The landscape is littered with people who try to call the market but no one is smart enough to do that, Stavros said at a Reuters Newsmaker event.
“I would say that is the mistake private equity investors have made in the last two years is that they have over-deployed into a hot M&A (mergers and acquisitions) market,” he said.
He added that while KKR does not maintain strict deployment rules, the firm tries to invest around 20% of the fund each year.
Private equity-backed deals totaled $278.6 billion in the first half 2023, a decrease of 49% from a year ago, and the slowest first half for private equity dealmaking since the first half of 2020, according to Refinitiv.
Stavros said KKR, which had $510 billion in assets as of the end of March, is benefitting from operating in an environment that is great for new investments.
He said that higher rates and more expensive leverage lead to constrained purchase prices.
“Buyers, and your competitors, tend to be a little more nervous, and you can generally find better opportunities.”
He pointed to recent deals in the U.S., including taking valve and pump maker Circor and chemical maker Chase private. KKR is set to make the purchases for $1.7 billion and $1.3 billion, respectively.
On collecting assets to invest in new opportunities, Stavros said while many investors in private equity firms feel a little over-allocated, they are aware that when markets are more volatile, that is the time to commit to the sector.
“Everyone knows, historically, these tend to be the more interesting times to commit to illiquid alternatives,” he said.
“If you look at historical periods of time where the S&P (500 index) was flat, private equity outperformed in the hundreds and hundreds of basis points.”

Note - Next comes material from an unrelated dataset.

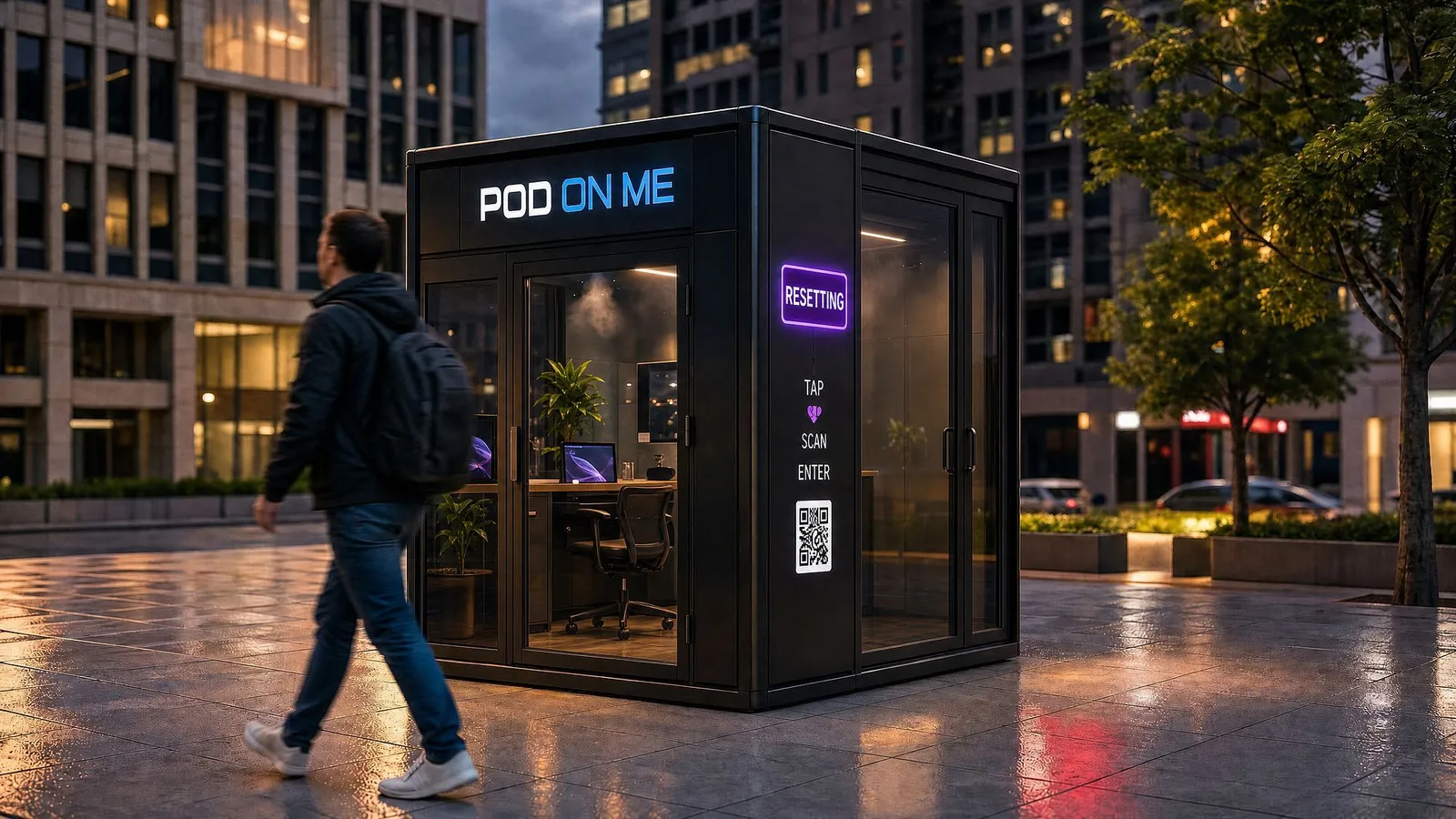 POD ON ME pod showing RESETTING status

He said the next five years should be good vintages for private equity firms.
By contrast, the last two years of putting money in the ground in a very high-valuation, low-interest-rate environment probably may not turn out as well.
Despite the positive outlook for private equity, Stavros said KKR was “not making a ton of hires.”
Regarding geopolitical issues, Stavros said China remained “complicated” but that the firm continued to invest.
KKR thinks about risks for investors, he said.
Stavros’ nonprofit Ownership Works, which helps companies grant stock to entire workforces, is expanding.
“We’re working with labor unions and nonprofit foundations and pension funds, so we have like 100 organizations around the table trying to make this a more common model,” he said.
“I think this is how capitalism should work and is where we need to head.”